Now the thing that still irks me...
- I'm gonna have to agree with my co-author regarding the sexual fling between Winn and Dukat/Anjol. I know that one of Winn's greatest character flaws is that she wants to believe that things happen for a reason and that her ambition doesn't just extend to political influence, but also personal conduct (see: The Circle)...but a spiritual leader...even one lacking the proper faith and heading up a religion that allows its ministers to be married) who has sex with a man she doesn't know simply because she's excited about involved in what she thinks are the Prophets' plans for the first time in her life? I find that hard to believe. She may be evil, but it isn't because she's illogical or lacking in spiritual upbringing. It becomes really obvious, for example, when she asks Anjol who he is. She even declares that she hardly knows anything about him...and yet they're in bed together. It all seems VERY forced and unnecessary...and considering that she is a traditionalist/fundamentalist Bajoran cleric, it also seems out of character.
There is little in the way of wasted dialogue...all the scenes are relevant and enjoyable, and the characterization is spot on.

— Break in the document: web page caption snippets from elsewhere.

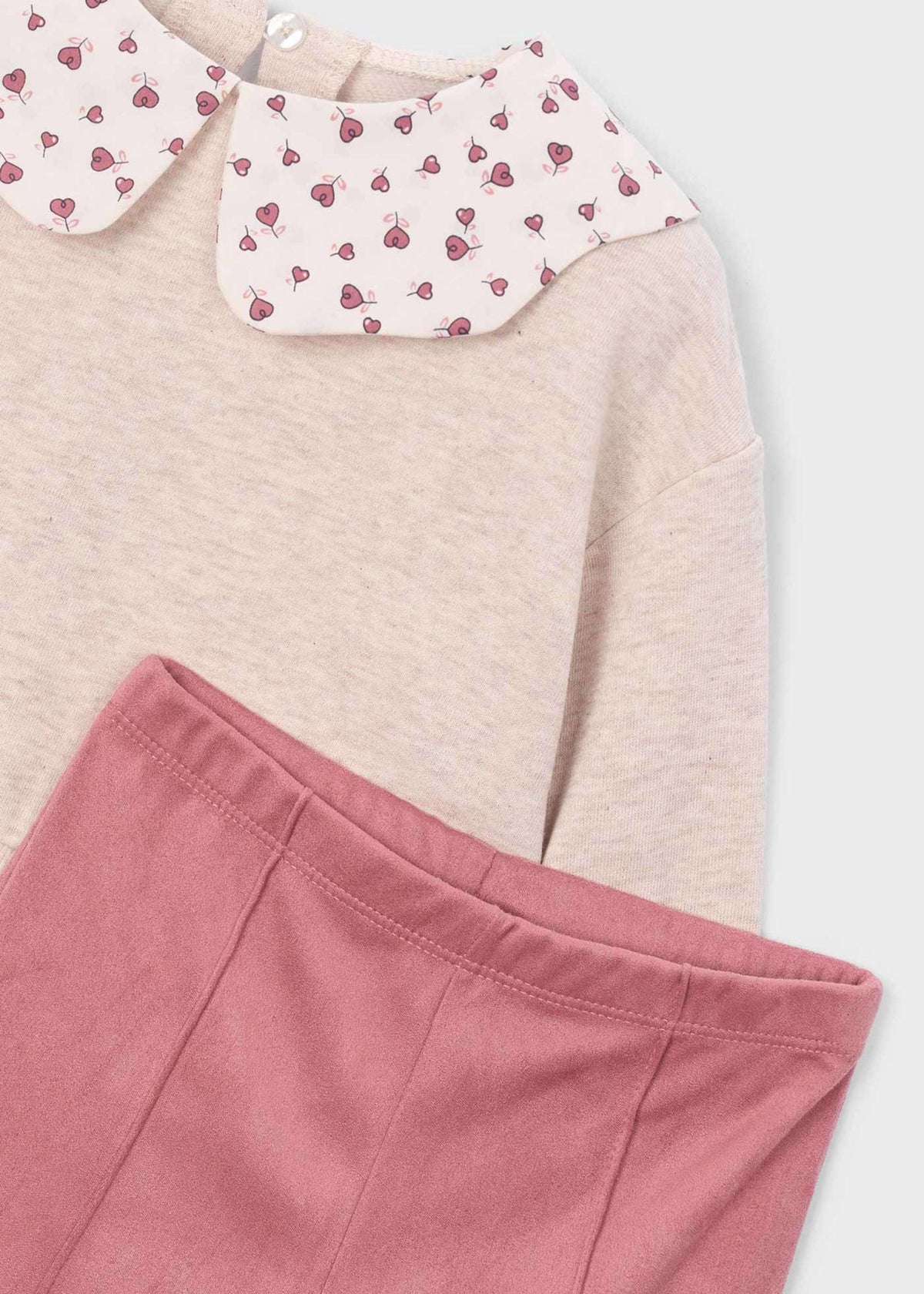 Girls' suede-effect leggings and blouse set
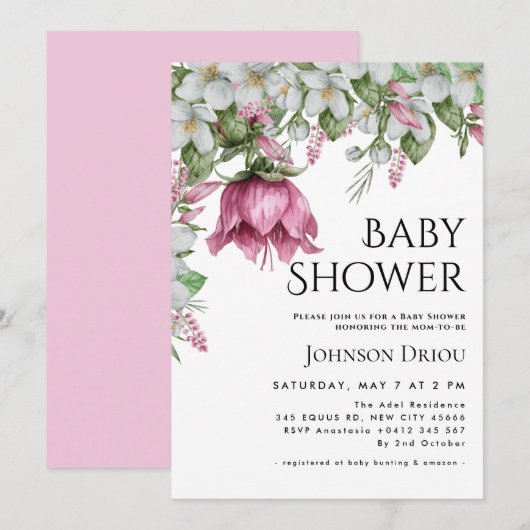 Elegant Floral Baby Shower Invitation 招待状 (正面/裏面)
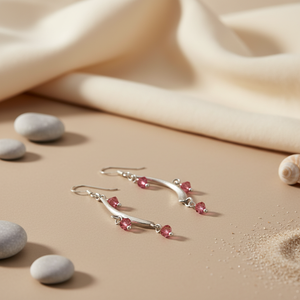 Boucles d'oreilles pendantes en argent 925 avec cristal rose, bijoux pour femmes - Product Image 3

Other than a bit of overacting on the part of Winn (sorry...usually I like her, but in this episode, she is a bit uneven, especially when talking to Anjol/Dukat)...the acting is top notch.
What I like most about this episode is the Winn/Kira/Dukat plot, obviously. Winn's false confession to Kira (false because she claims that she has resolved to change and thinks that should be enough when in fact you have to actually repent and change in deed, not just issue false promises) is impressive to watch because many of us know someone like Winn (a less extreme version perhaps). The ones who expect a merciful God to deny freedom and guarantee comfort in its place. The ones who think a higher power should simply tell them what to do. The ones who live in darkness because they spend their time cursing what they don't have instead of being thankful for what they do have.
I have an acquaintance whom I would like to call a friend but who has frequently made the argument that if God were really good, He wouldn't have made her life so hard. This is a woman who, at the age of 29 continues to live off her parents' money, is in her 7th year of grad school without the university giving up on her and sending her packing, and has legions of professionals trying to help her with her bipolar disorder, and her life is unfair (to her). When we focus on what God hasn't given us, we miss what He HAS given us. And worse, you become tempted to behave badly, figuring it doesn't matter because God can't be as all-powerful as we claim he is if he won't take a more active roll in your life. Winn's false confession goes something like "I have strayed from the path...been foiled by temptation...I'll do anything to regain God's trust." "OK...so walk away from temptation. Renounce power and influence and seek the path." "Whhhaaaaaa??? Me, give up power and influence? But...it's all about ME! If I walk away, Bajor will crumble!" "Ummm...yeah...you kinda missed the whole point of confessing and changing your ways..." "Well screw that...it's all about me...I am staying Kai!" *crickets* There it is...the reason Winn can't walk away from temptation...the source of her ambition without faith...she looks inward instead of looking outward for her answers. Navel gazers are invariably egotists and rarely very good at being faithfully spiritual. This dynamic is so well executed that I can overlook the flaws in the story that led us to this point.